- EXERCISE INSTRUCTIONS -
Print exactly the lines below between the line containing "Courtyard Tupelo" and the line containing "2025 AITO AITO", counting both of those lines. Leave pictures out.

- ENTRIES SHOWN -
▬▬▬▬▬▬▬▬▬▬

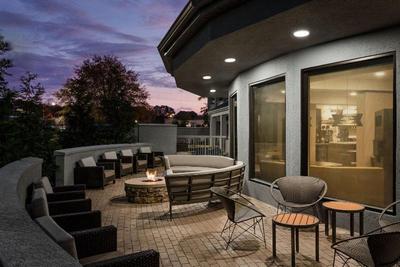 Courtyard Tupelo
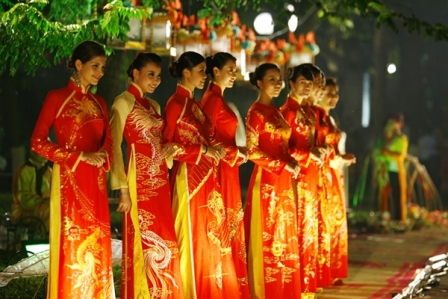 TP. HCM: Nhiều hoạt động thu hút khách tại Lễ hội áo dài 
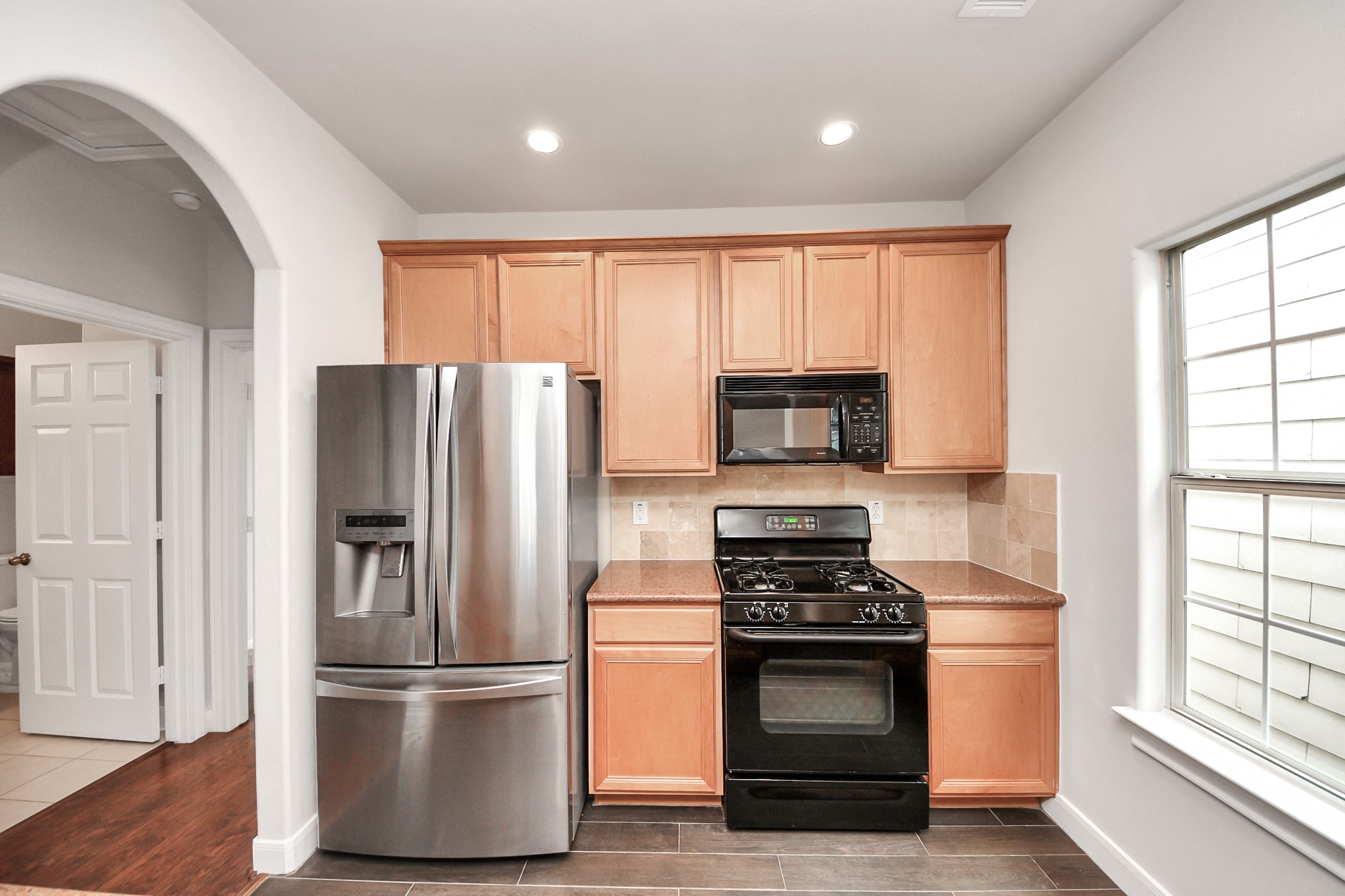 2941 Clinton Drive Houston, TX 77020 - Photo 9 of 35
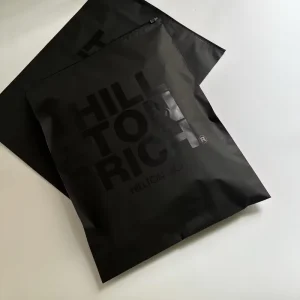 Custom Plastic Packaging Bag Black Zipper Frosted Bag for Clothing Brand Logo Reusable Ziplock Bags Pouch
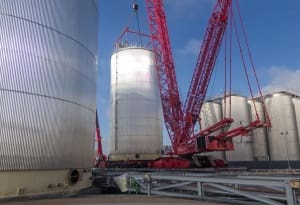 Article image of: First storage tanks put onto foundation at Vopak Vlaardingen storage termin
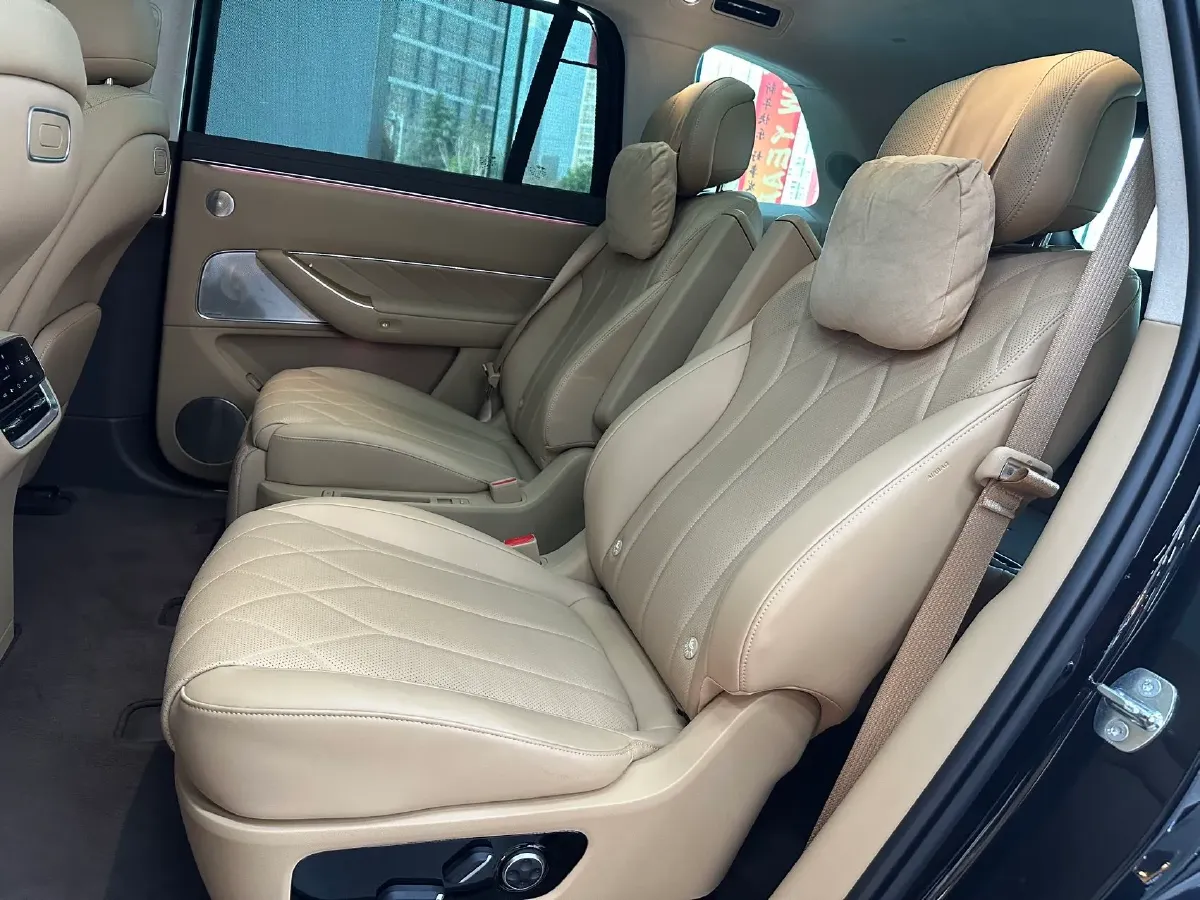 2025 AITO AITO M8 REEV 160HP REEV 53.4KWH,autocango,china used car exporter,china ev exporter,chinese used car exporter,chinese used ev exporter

▬▬▬▬▬▬▬▬▬▬

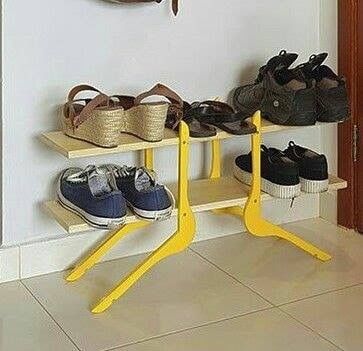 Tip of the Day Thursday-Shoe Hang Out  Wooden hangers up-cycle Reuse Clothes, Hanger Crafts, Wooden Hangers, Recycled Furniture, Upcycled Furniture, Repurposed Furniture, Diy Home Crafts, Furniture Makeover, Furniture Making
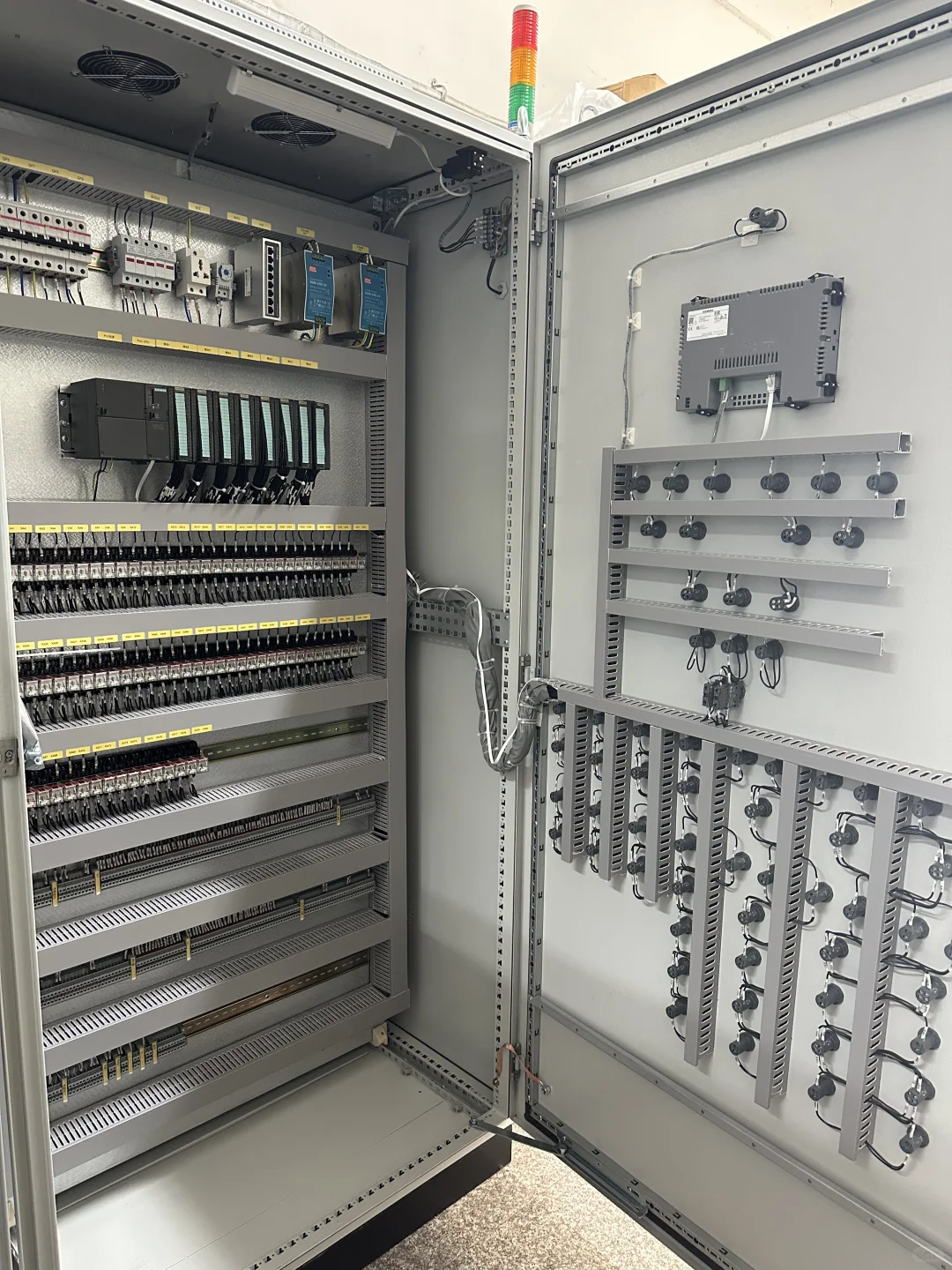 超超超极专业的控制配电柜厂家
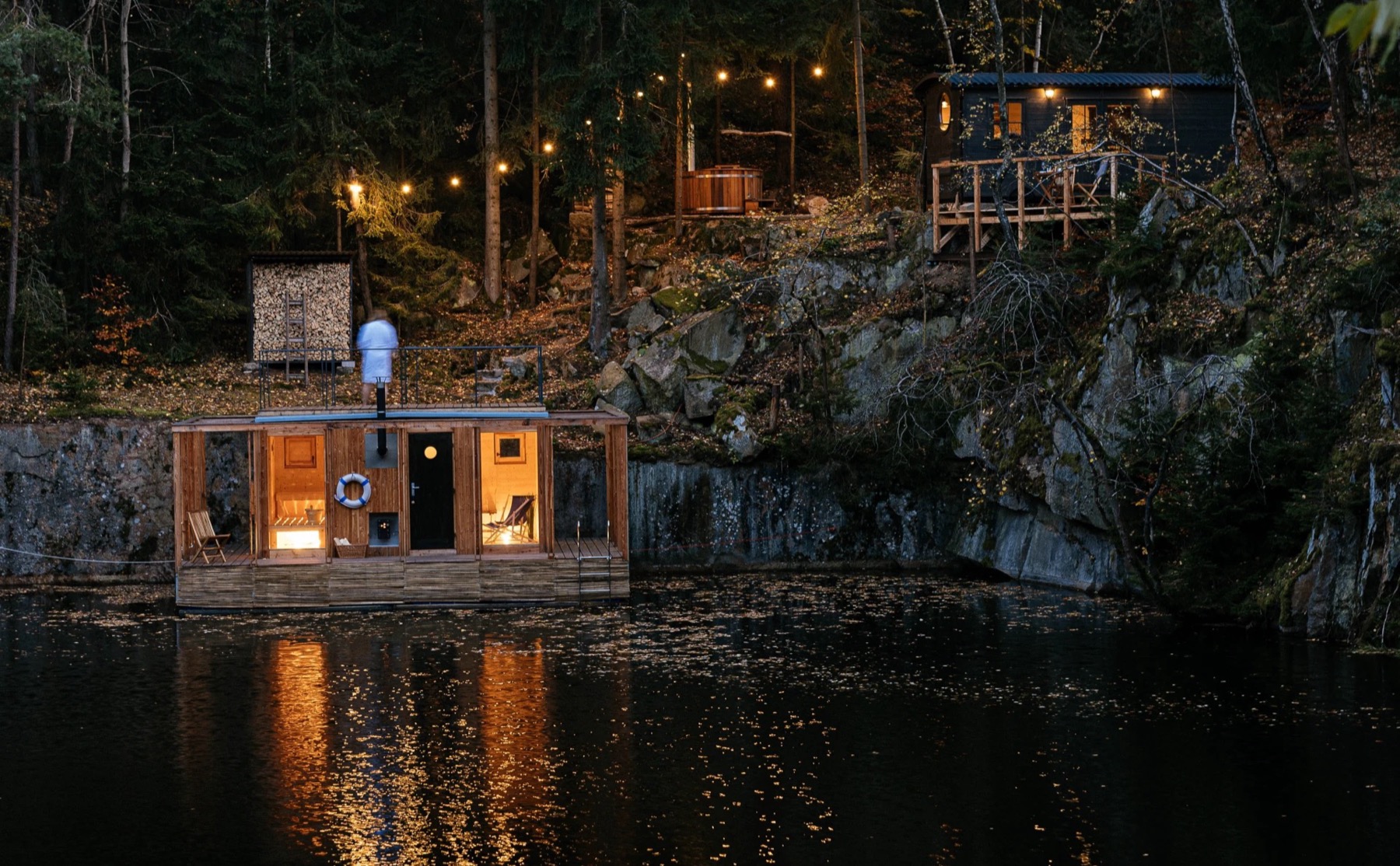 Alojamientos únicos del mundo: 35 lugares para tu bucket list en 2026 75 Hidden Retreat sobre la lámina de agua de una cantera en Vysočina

▬▬▬▬▬▬▬▬▬▬

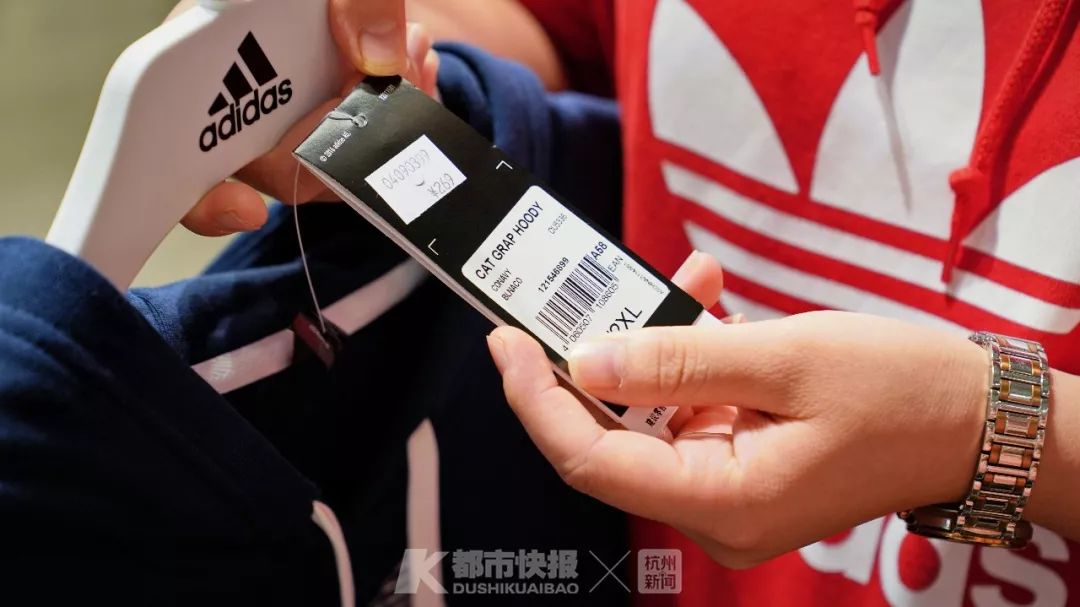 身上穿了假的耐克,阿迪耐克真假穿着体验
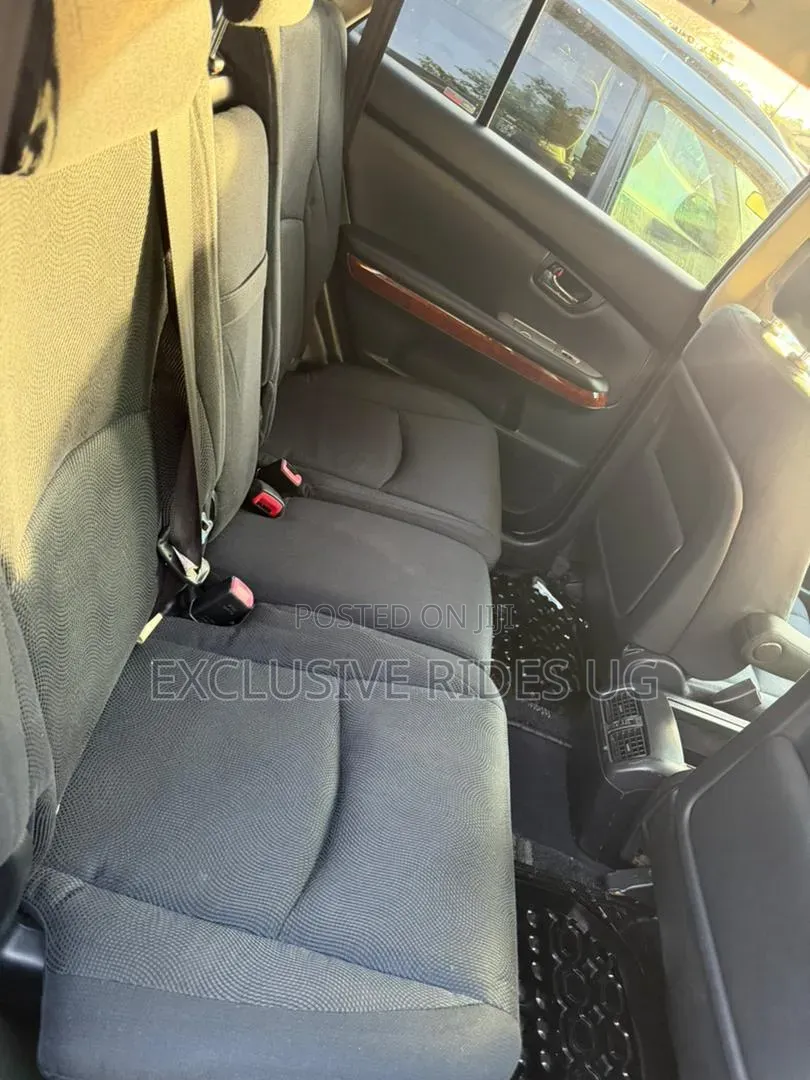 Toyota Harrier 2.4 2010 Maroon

▬▬▬▬▬▬▬▬▬▬

- SOLUTION FOR THIS PROBLEM -
 Courtyard Tupelo
 TP. HCM: Nhiều hoạt động thu hút khách tại Lễ hội áo dài 
 2941 Clinton Drive Houston, TX 77020 - Photo 9 of 35
 Custom Plastic Packaging Bag Black Zipper Frosted Bag for Clothing Brand Logo Reusable Ziplock Bags Pouch
 Article image of: First storage tanks put onto foundation at Vopak Vlaardingen storage termin
 2025 AITO AITO M8 REEV 160HP REEV 53.4KWH,autocango,china used car exporter,china ev exporter,chinese used car exporter,chinese used ev exporter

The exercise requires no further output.